- Brief descriptive captions
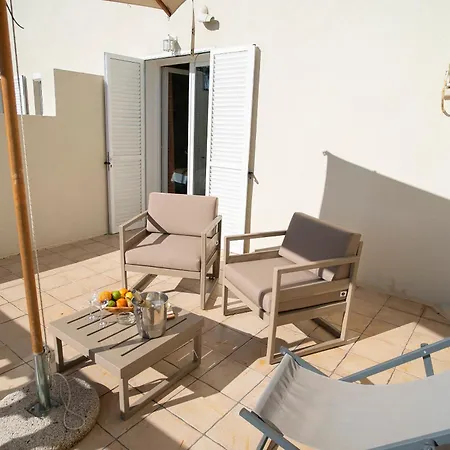Hotel De La Mer Hyeres Exterior photo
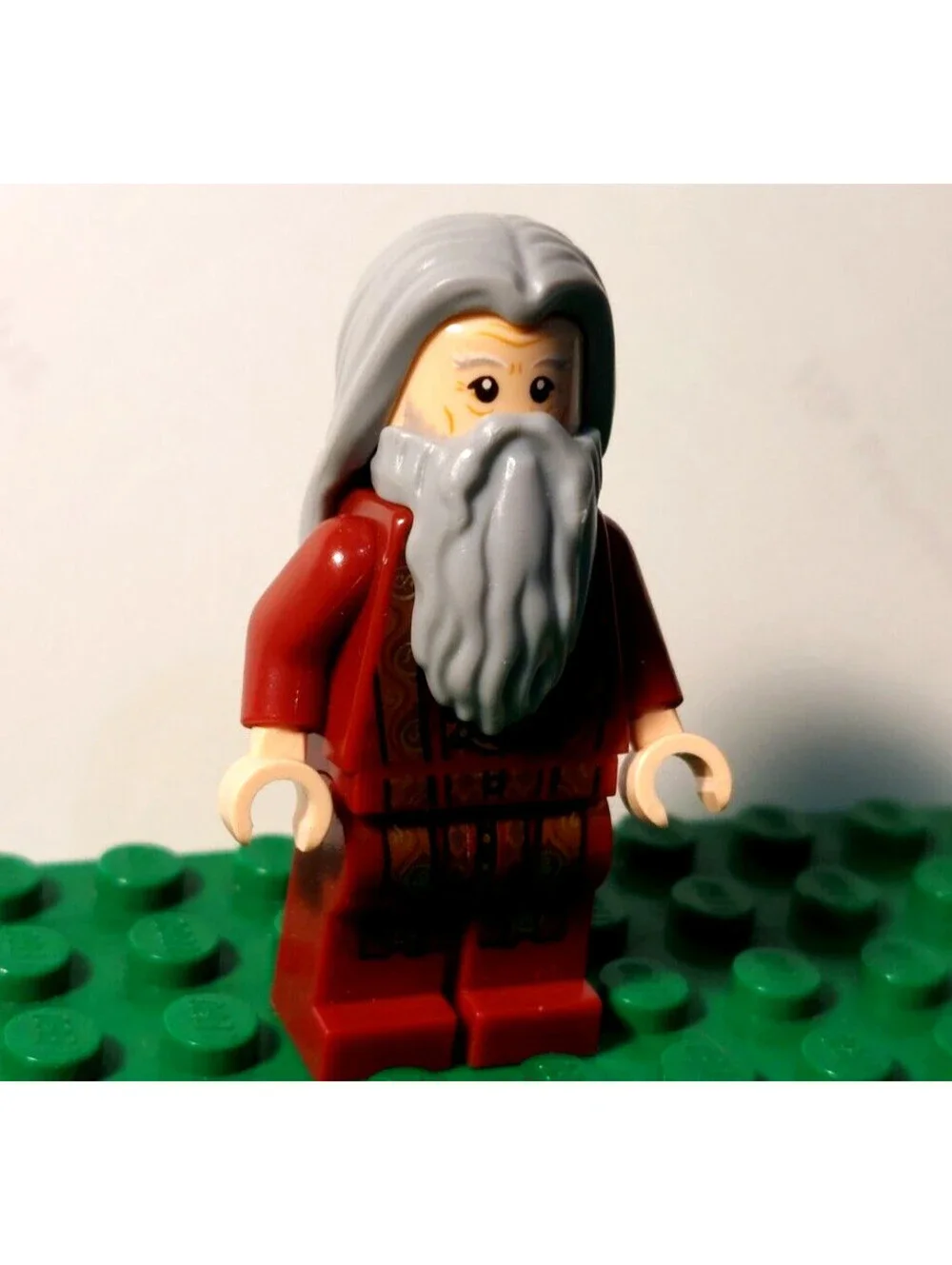ALBUS DUMBLEDORE in Dark Red Robe from Lego Hogwarts Great Hall MINI-FIGURE ONLY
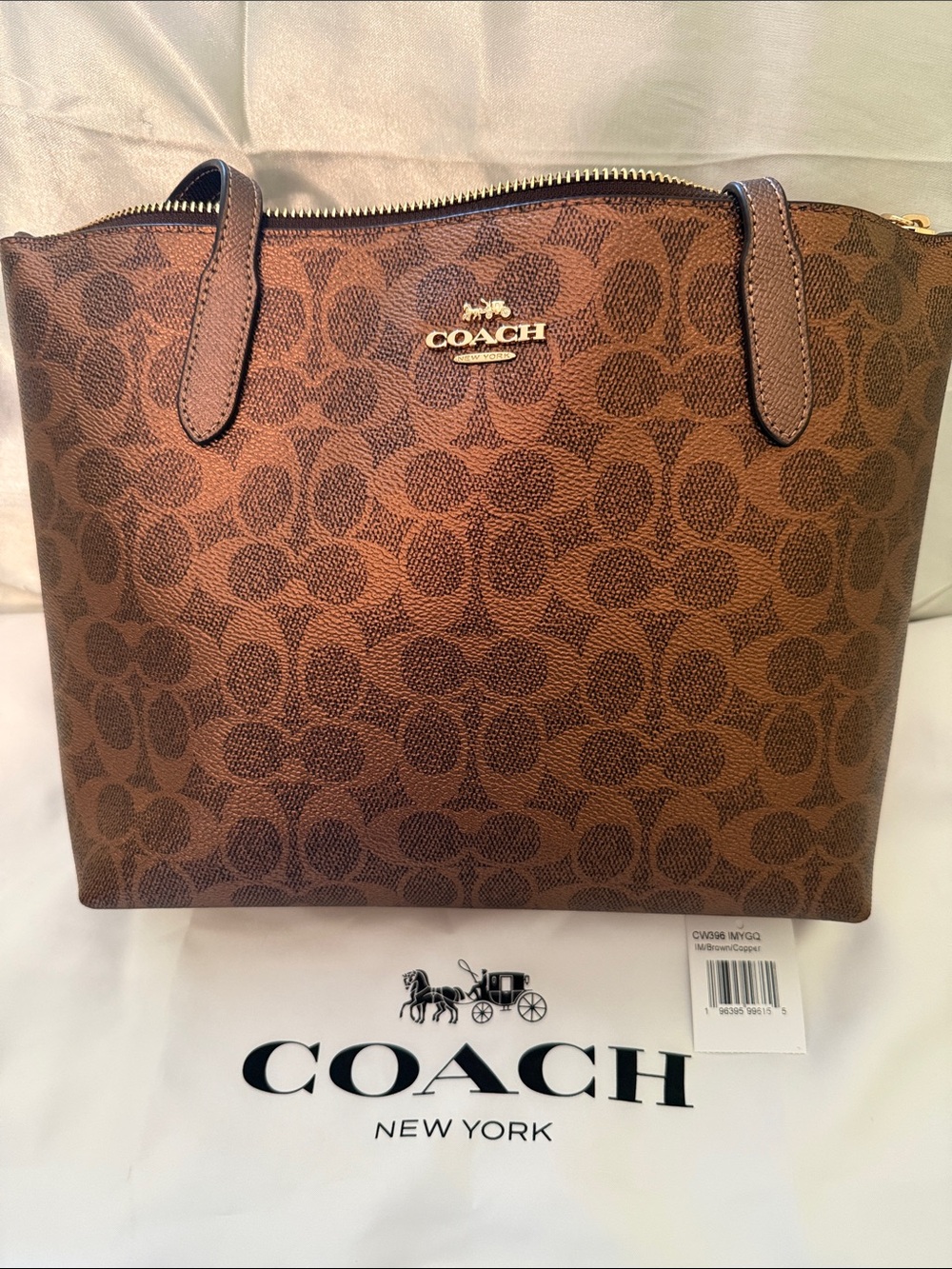 🤎Coach NWT Copper Brown Signature Metallic Fiona Zip Tote with Gold Hardware - Picture 3 of 9
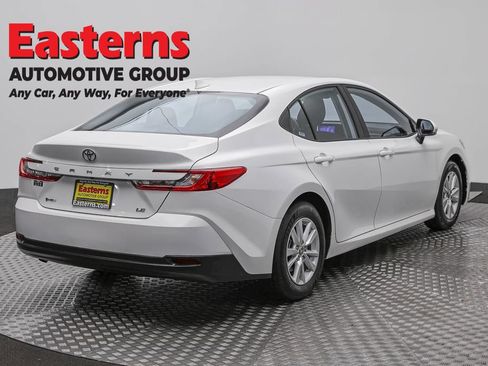 Used 2025 Toyota Camry LE FWD image 5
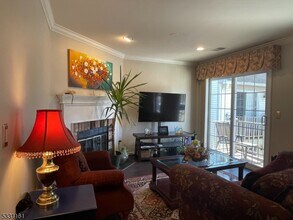 28 Commonwealth Dr in Bernards, NJ - Building Photo - Building Photo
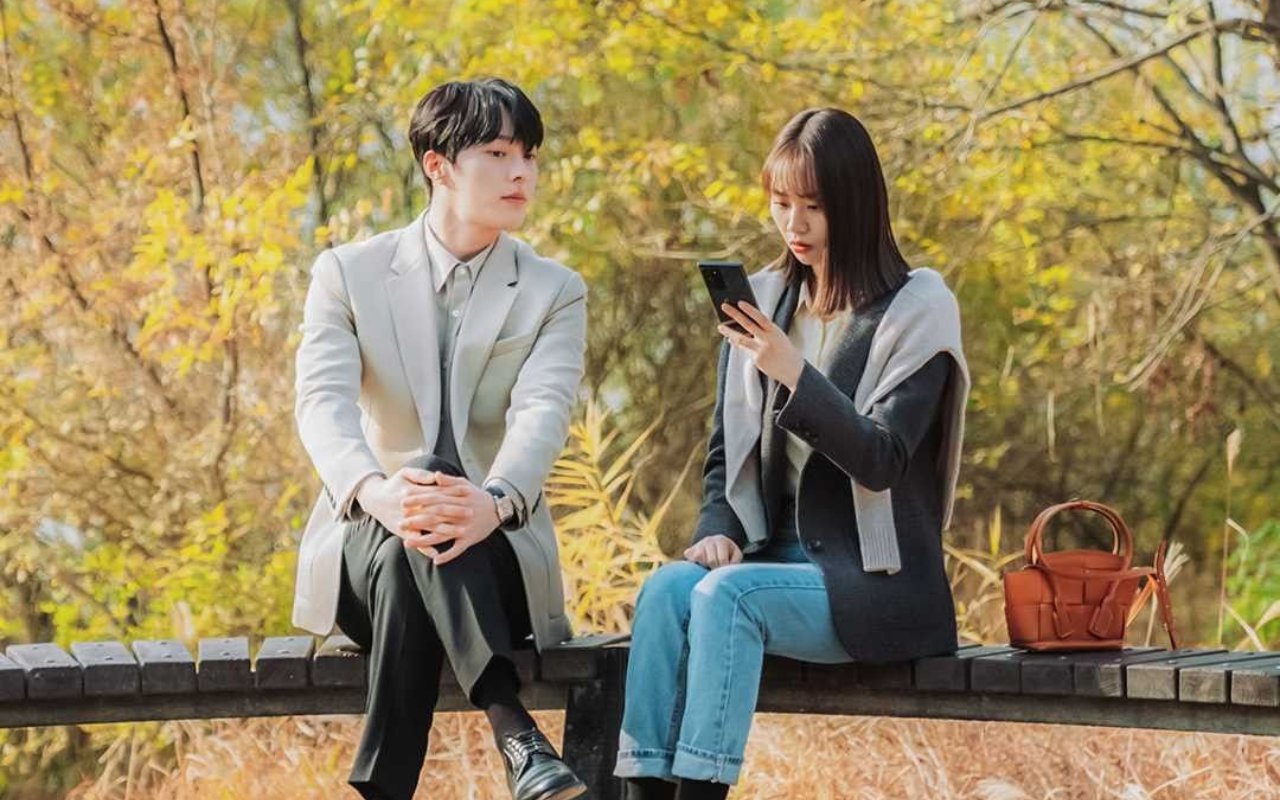 Tak Ditayangkan, Jang Ki Yong dan Hyeri Bikin Gemas Foto Berdua di Lokasi 'My Roommate Is A Gumiho'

- What is expected
The entries above need to be transcribed word for word, and the pictures stay out.

- Exercise output
Hotel De La Mer Hyeres Exterior photo
ALBUS DUMBLEDORE in Dark Red Robe from Lego Hogwarts Great Hall MINI-FIGURE ONLY
 🤎Coach NWT Copper Brown Signature Metallic Fiona Zip Tote with Gold Hardware - Picture 3 of 9
 Used 2025 Toyota Camry LE FWD image 5
 28 Commonwealth Dr in Bernards, NJ - Building Photo - Building Photo
 Tak Ditayangkan, Jang Ki Yong dan Hyeri Bikin Gemas Foto Berdua di Lokasi 'My Roommate Is A Gumiho'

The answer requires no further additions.